Figure 8 — Tracing A2A handoffs with logs and metrics
👉 Try the official A2A assignment on Kaggle: Day-5a: Agent2Agent Communication (Kaggle)
⚙️ Part 2 — Agent Deployment
After collaboration came deployment. We took our A2A ecosystem from local notebooks to the cloud using FastAPI, Docker, and Vertex AI Agent Engine. The goal was to operationalize agents as microservices — versioned, observable, and scalable. Each agent exposed REST endpoints (/invoke, /healthz), ran in a containerized runtime, and was instrumented with logs and traces for AgentOps monitoring.
Figure 9 — Local → Docker → Vertex AI Agent Engine Deployment
Deployment Checklist
- FastAPI endpoints wrapping agent logic (+ health & invoke routes).
- Docker image with locked dependencies and environment variables for secrets.
- Observability — add tracing IDs, structured logs, and custom metrics (cost & latency).
- Continuous Deployment — push image to registry and deploy with autoscaling.
- Safety & QoS — timeouts, retries, and circuit breakers around external tools.
Figure 10 — Observability and Tracing in Production
👉 Open the official Deployment assignment on Kaggle: Day-5b: Agent Deployment (Kaggle)
💡 Day 5 Takeaway
Day 5 was the ultimate developer flex — building agents that don’t just think or act, but collaborate and ship. We learned how to build autonomous agent teams via A2A and deploy them as scalable services with FastAPI, Docker, and Vertex AI. The future of AI development is clear: don’t just train models — deploy ecosystems that learn, coordinate, and evolve.

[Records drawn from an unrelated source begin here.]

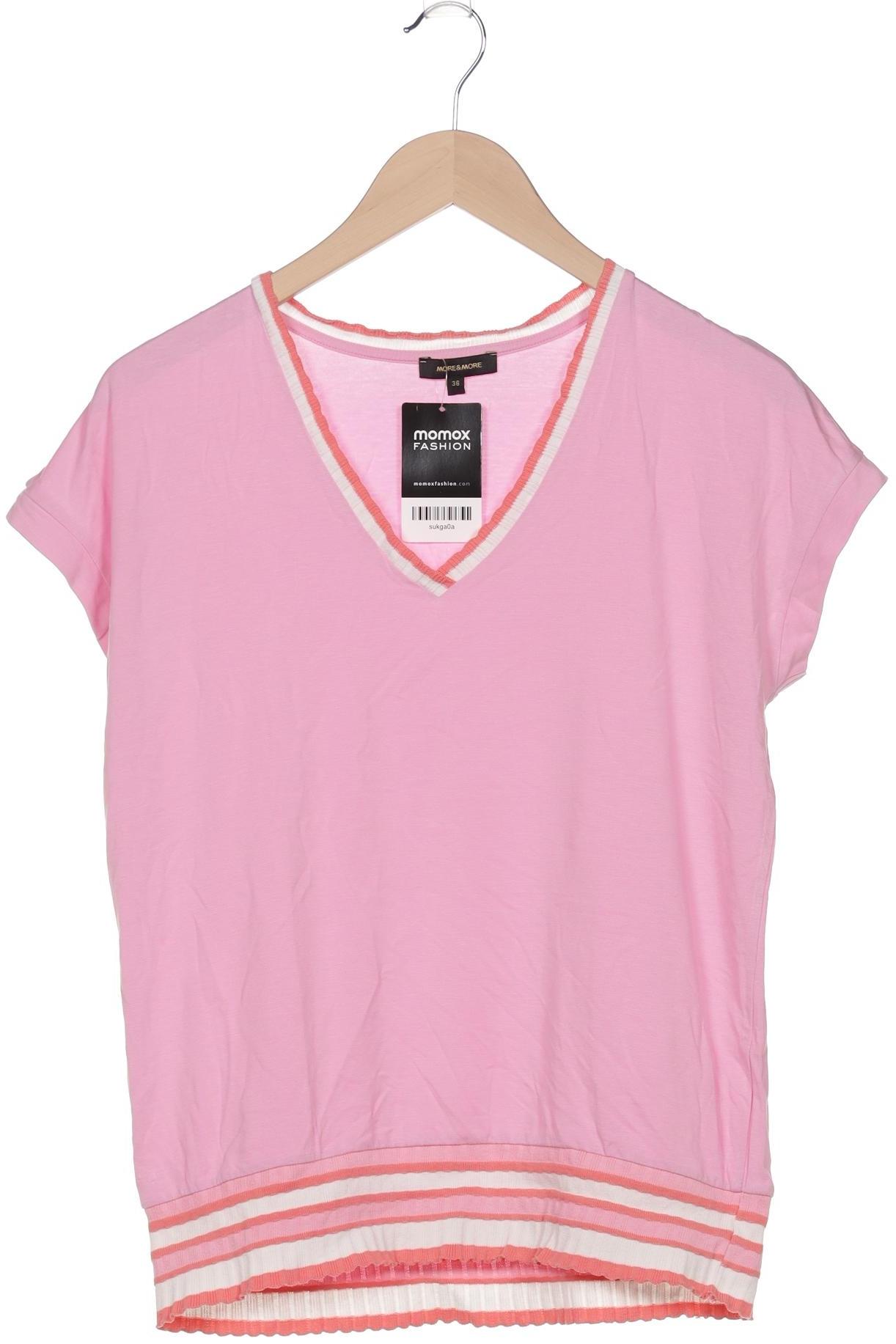 

More & More Damen T-Shirt, pink, Gr. 36
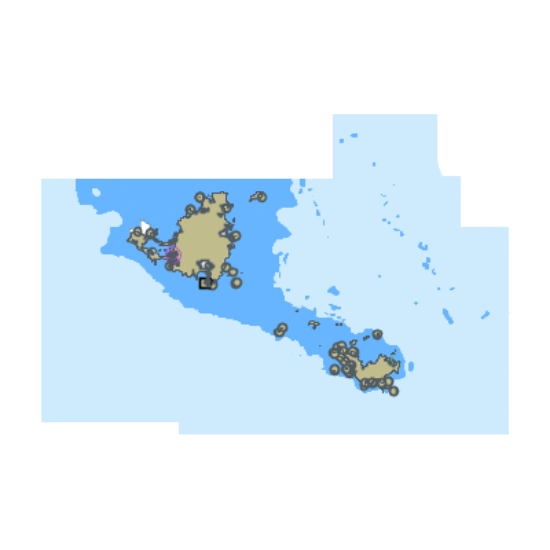Picture of Petites Antilles - Saint-Martin to Saint-Barthélemy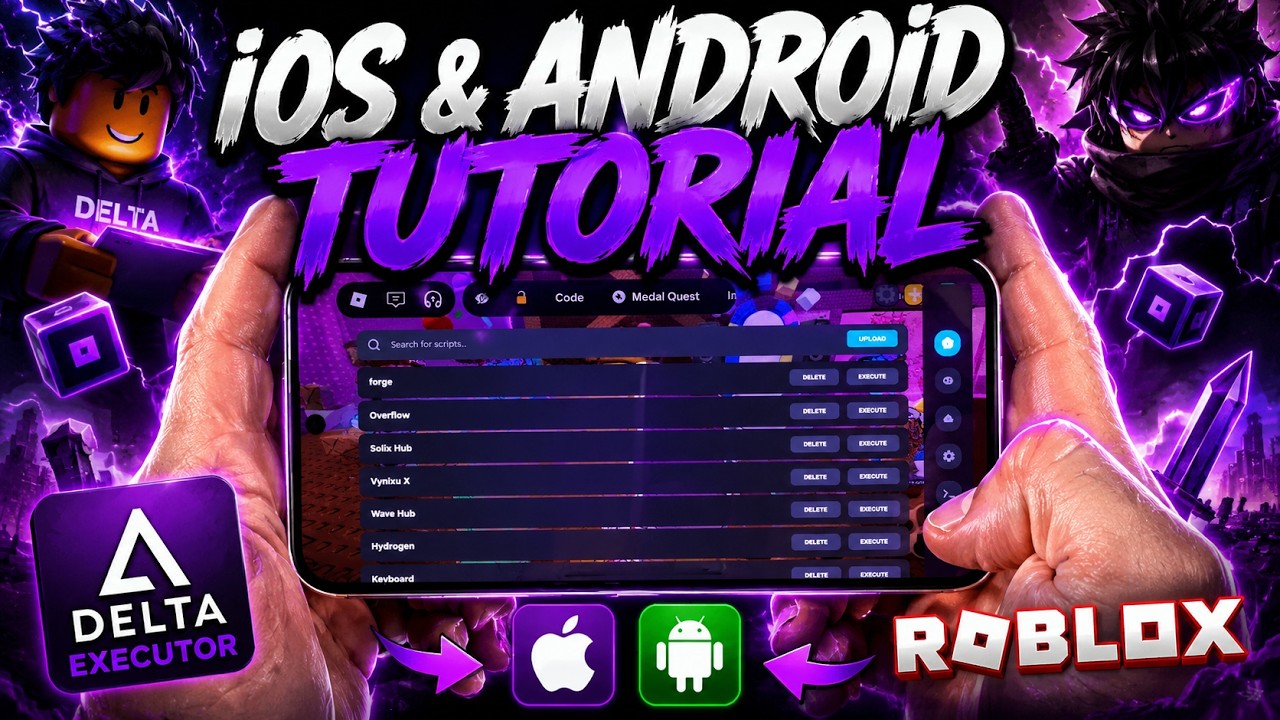 Delta Executor Mobile - How To Get Delta Executor (Full Tutorial) iOS and Android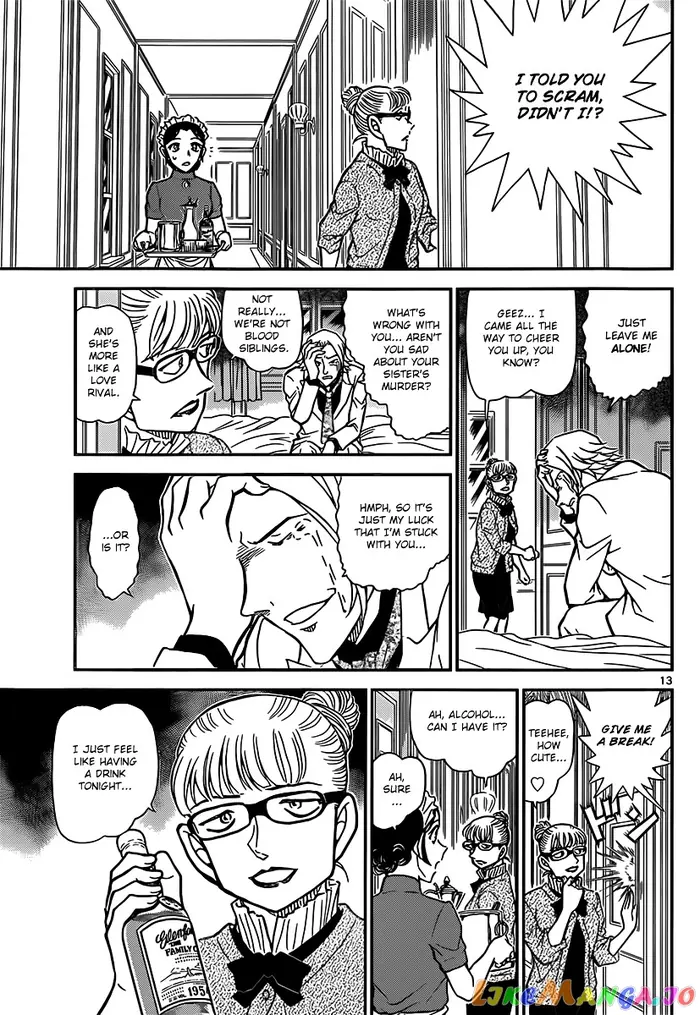 Case Closed Manga - Chapter 839 - Page 13
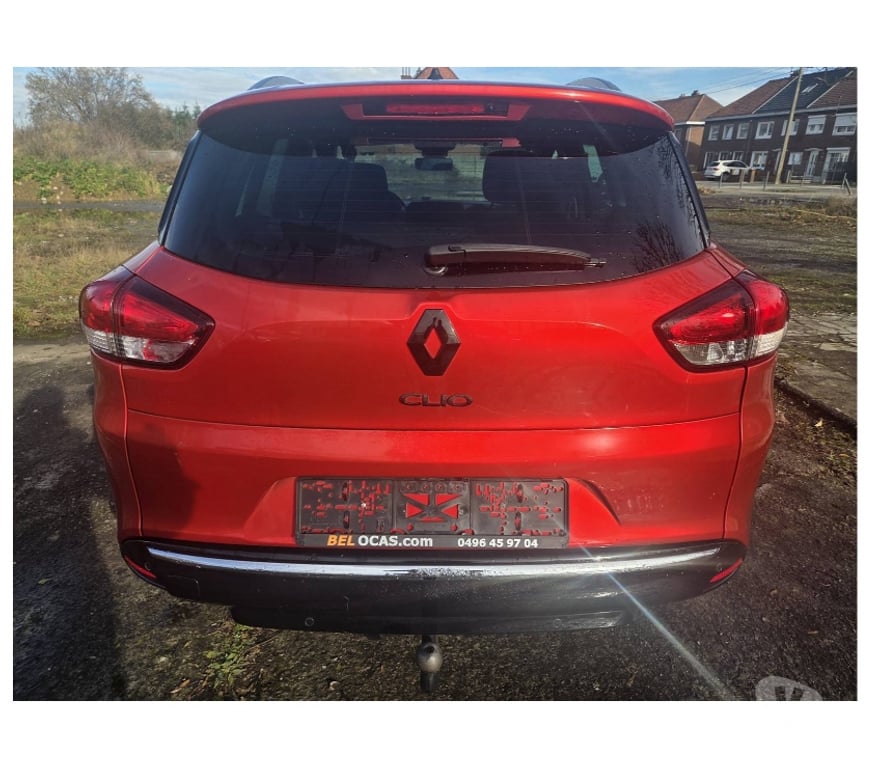 Voiture à vendre Pont-de-Loup - Photos Vivastreet Renault Clio Break 1.2tce 120cv Boite auto Gps Ac Cruise...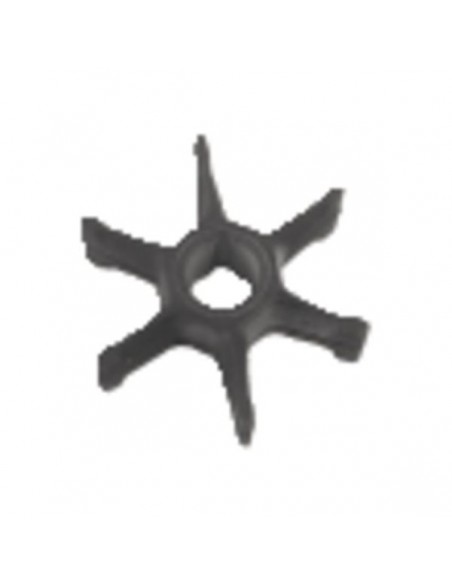 Neoprene outboard impeller key drive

You can find the assignment & code in my GitHub repo
🔚 Final Thoughts
The course clarified that real AI agents aren’t just chatbots—they reason, act, observe, and evolve. Translating agent architectures involving tools, orchestration, and memory into working code made advanced research feel truly practical. Understanding how sessions and memory operate shifted my thinking from simple prompt adjustments to complete system design. I also learned that observability and evaluation are not optional—they are essential foundations for building agents that can be trusted, scaled, and maintained over time. The journey from prototype to cloud deployment demonstrated how agent engineering has matured into a production-ready discipline. I now see myself working at the intersection of research and production, where tooling, governance, and architecture matter as much as the underlying models. If you’re planning to build agents, this program is the perfect launchpad—technical, hands-on, and directly relevant to real-world challenges.